Couple Sex


Talking about sex during your formative years can be incredibly awkward -- even squirm-inducing. But whether you experience formal sex ed, awkward "birds and the bees" talks, candid conversations with friends or all or none of the above, it's all theoretical until you're actually doing it -- which can make for some surprises along the way.
On a Nov. 7 Reddit thread, commenters answered the question "what is something about sex that you wish someone had told you?" The thoughtful responses touched on everything from the way pornography has influenced our sex lives ( "changing positions every 30 seconds not actually required despite what porn clips had taught me") and calling out the unrealistic portrayal of sex in Hollywood ("Sex on a beach is not half as good as the movies make it out to be"), to safe-sex information ("Antibiotics impact the effectiveness of birth control pills") and general wisdom ("Sooner or later, one of you will do something utterly embarrassing. It will be absolutely mortifying. A good partner will not care.")

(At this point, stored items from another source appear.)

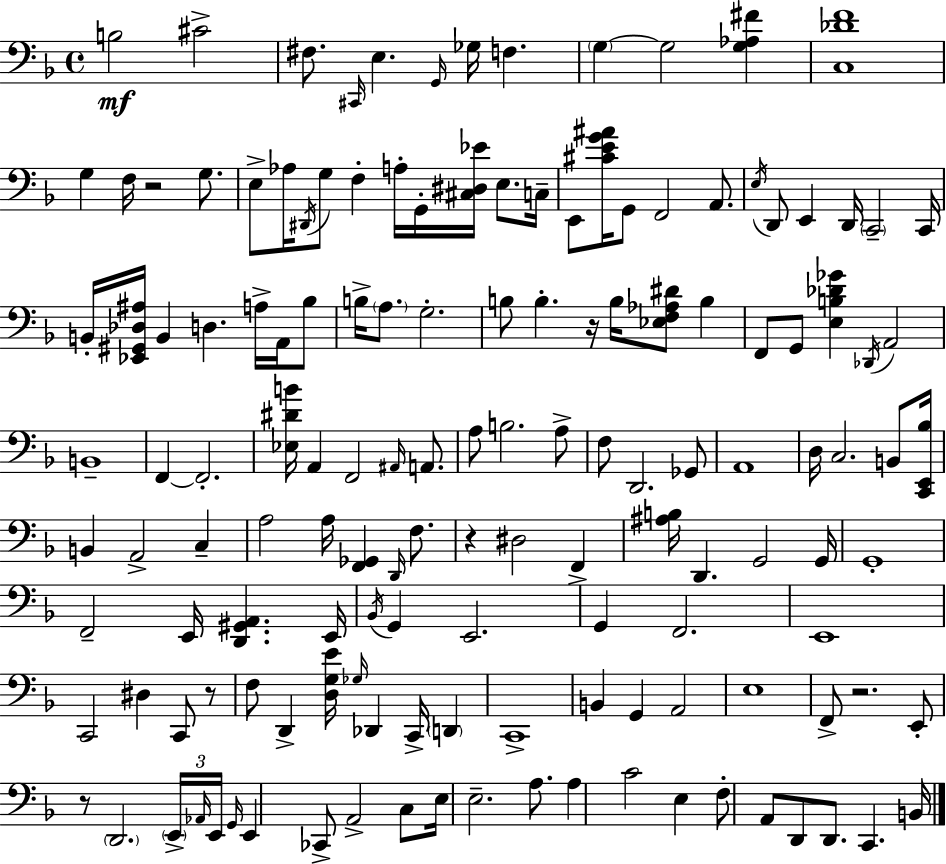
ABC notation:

X:1
T:Untitled
M:4/4
L:1/4
K:F
B,2 ^C2 ^F,/2 ^C,,/4 E, G,,/4 _G,/4 F, G, G,2 [G,_A,^F] [C,_DF]4 G, F,/4 z2 G,/2 E,/2 _A,/4 ^D,,/4 G,/2 F, A,/4 G,,/4 [^C,^D,_E]/4 E,/2 C,/4 E,,/2 [^CEG^A]/4 G,,/2 F,,2 A,,/2 E,/4 D,,/2 E,, D,,/4 C,,2 C,,/4 B,,/4 [_E,,^G,,_D,^A,]/4 B,, D, A,/4 A,,/4 _B,/2 B,/4 A,/2 G,2 B,/2 B, z/4 B,/4 [_E,F,_A,^D]/2 B, F,,/2 G,,/2 [E,B,_D_G] _D,,/4 A,,2 B,,4 F,, F,,2 [_E,^DB]/4 A,, F,,2 ^A,,/4 A,,/2 A,/2 B,2 A,/2 F,/2 D,,2 _G,,/2 A,,4 D,/4 C,2 B,,/2 [C,,E,,_B,]/4 B,, A,,2 C, A,2 A,/4 [F,,_G,,] D,,/4 F,/2 z ^D,2 F,, [^A,B,]/4 D,, G,,2 G,,/4 G,,4 F,,2 E,,/4 [D,,^G,,A,,] E,,/4 _B,,/4 G,, E,,2 G,, F,,2 E,,4 C,,2 ^D, C,,/2 z/2 F,/2 D,, [D,G,E]/4 _G,/4 _D,, C,,/4 D,, C,,4 B,, G,, A,,2 E,4 F,,/2 z2 E,,/2 z/2 D,,2 E,,/4 _A,,/4 E,,/4 G,,/4 E,, _C,,/2 A,,2 C,/2 E,/4 E,2 A,/2 A, C2 E, F,/2 A,,/2 D,,/2 D,,/2 C,, B,,/4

Here are some of the things women wished they knew about sex taken from a poll:
1. There is no dignified way of "cleaning up" -- and you WILL need to clean up afterwards.
2. A male partner won't always have a higher sex drive than you.
4. Sex is truly awesome when you really love the person you're having it with.
5. Women are allowed to enjoy sex as much as men.
6. Sex doesn't look like it does in the movies -- or in porn.
7. You are not more valuable as a person if someone wants to have sex with you, and you are not less valuable as a person if you choose not to.
8. Learn what turns you on and don't be afraid to ask for it, because your partner isn't a mind-reader.
9. It's fine to say "no" -- it doesn't make you less sexual.
10. The best sex is about mutual giving.
11. Plenty of women can't orgasm from intercourse alone. An estimated 50 to 75 percent of women require clitoral stimulation.
13. Great sex does not equal great love.
14. Anxieties and fears about sex are totally normal -- and it's (more than) fine to talk about them.
15. Just like with anything else, to get good you need practice. Sex is not something you're born knowing how to do well.
16. It can be really, really awkward.
17. Your "sexual peak" won't necessarily be in your twenties.